- Material for this task:
========================================

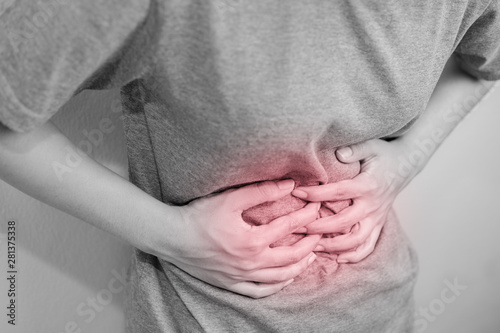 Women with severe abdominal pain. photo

========================================

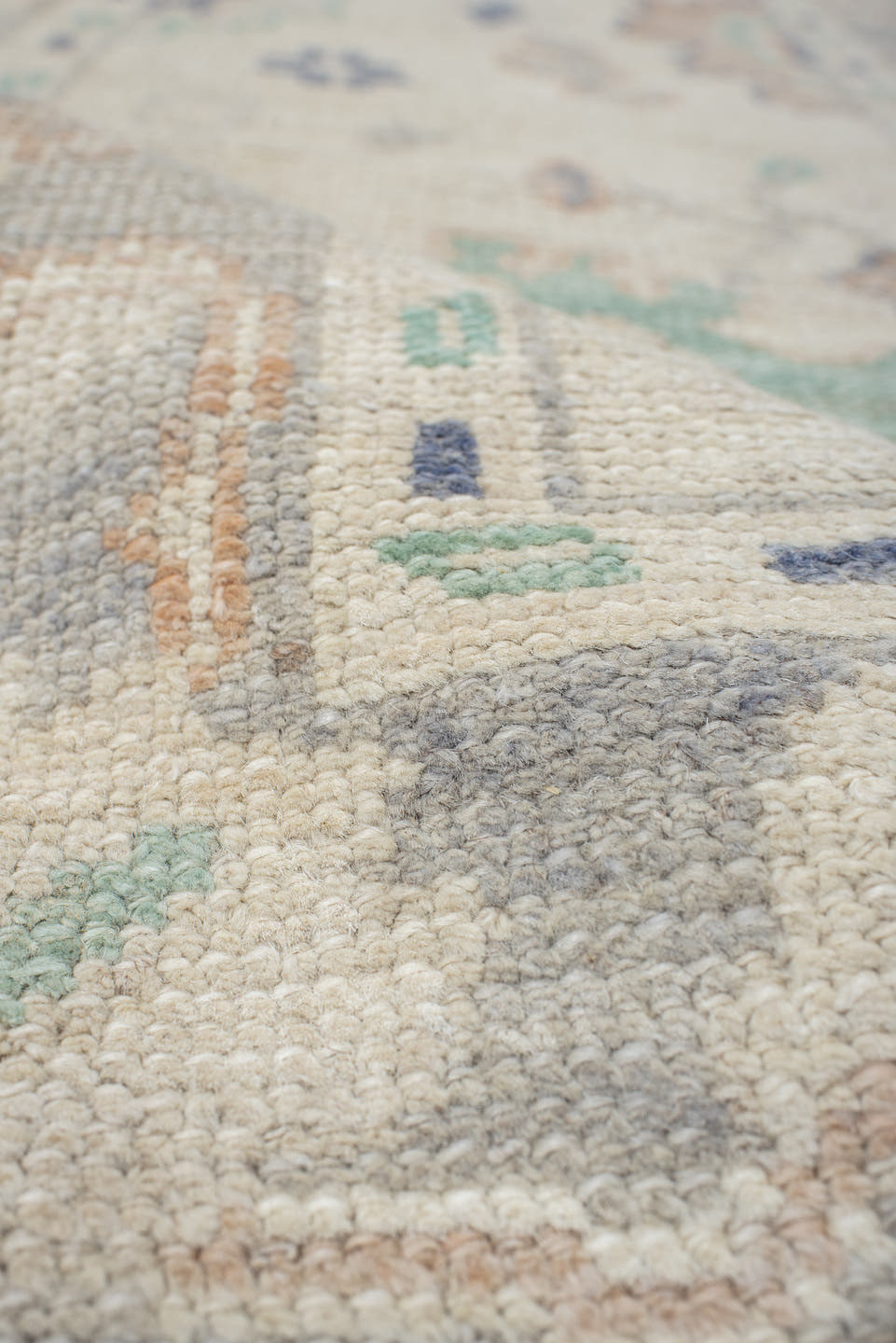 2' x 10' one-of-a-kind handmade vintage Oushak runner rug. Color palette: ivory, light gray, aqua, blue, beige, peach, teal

========================================

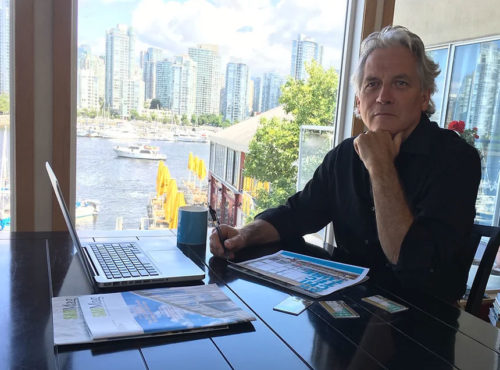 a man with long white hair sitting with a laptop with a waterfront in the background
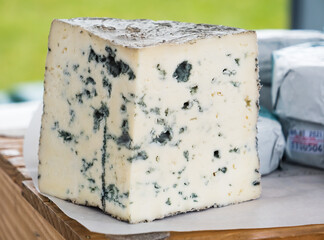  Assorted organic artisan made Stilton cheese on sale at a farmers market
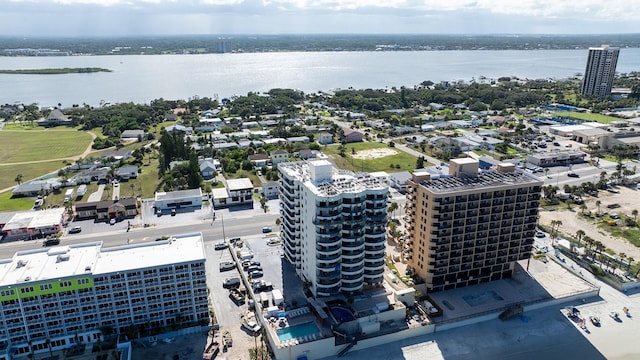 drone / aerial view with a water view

========================================

- Assignment: Restate word for word every line from the one with "Assorted organic artisan" up to and including the one with "drone / aerial view with a water view" in the records above, minus the pictures.

- Reply to the exercise:
  Assorted organic artisan made Stilton cheese on sale at a farmers market
 drone / aerial view with a water view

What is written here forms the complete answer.